### Exercise
Write every line of the material again exactly, with no pictures in the copy.

### Dataset content
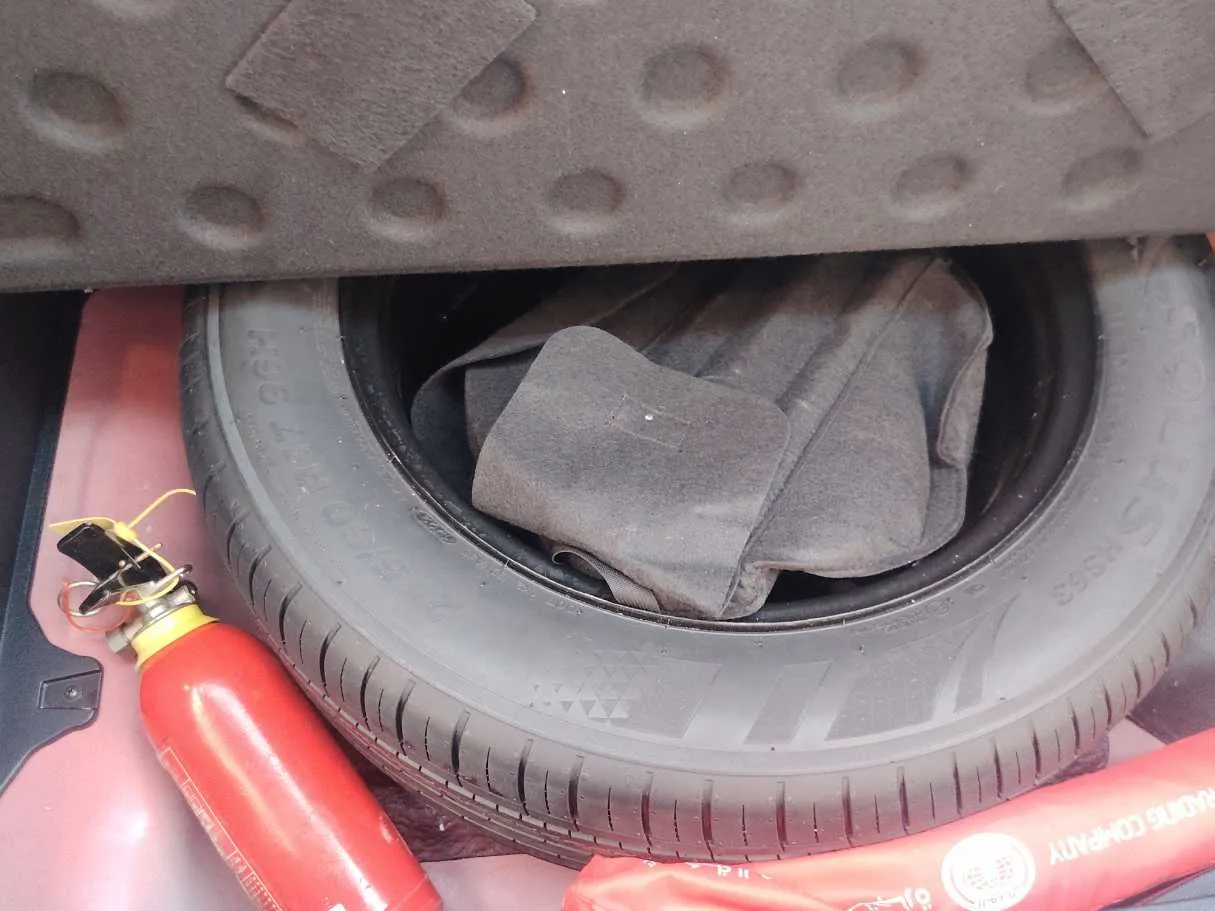 Car image 35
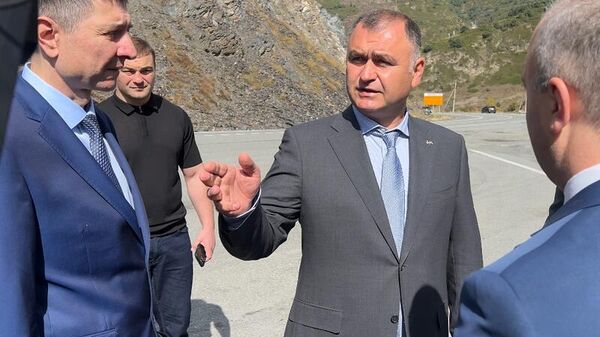 Президент Алан Гаглоев принял участие в совещании на пункте пропуска Нижний Зарамаг  - Sputnik Южная Осетия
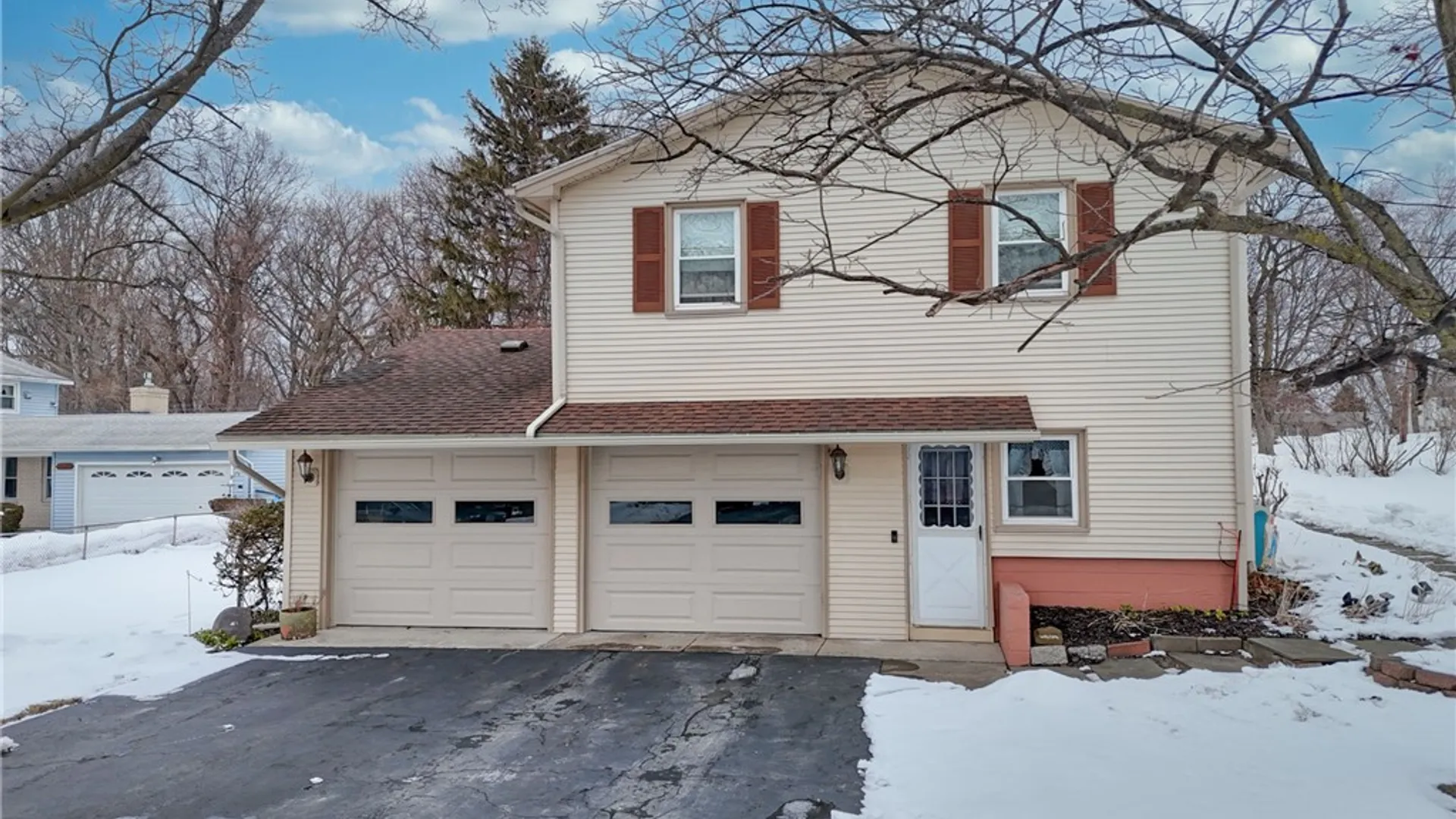 Property at 47 Newport Road, Irondequoit, NY 14622 42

### Result for this task
 Car image 35
 Президент Алан Гаглоев принял участие в совещании на пункте пропуска Нижний Зарамаг  - Sputnik Южная Осетия
 Property at 47 Newport Road, Irondequoit, NY 14622 42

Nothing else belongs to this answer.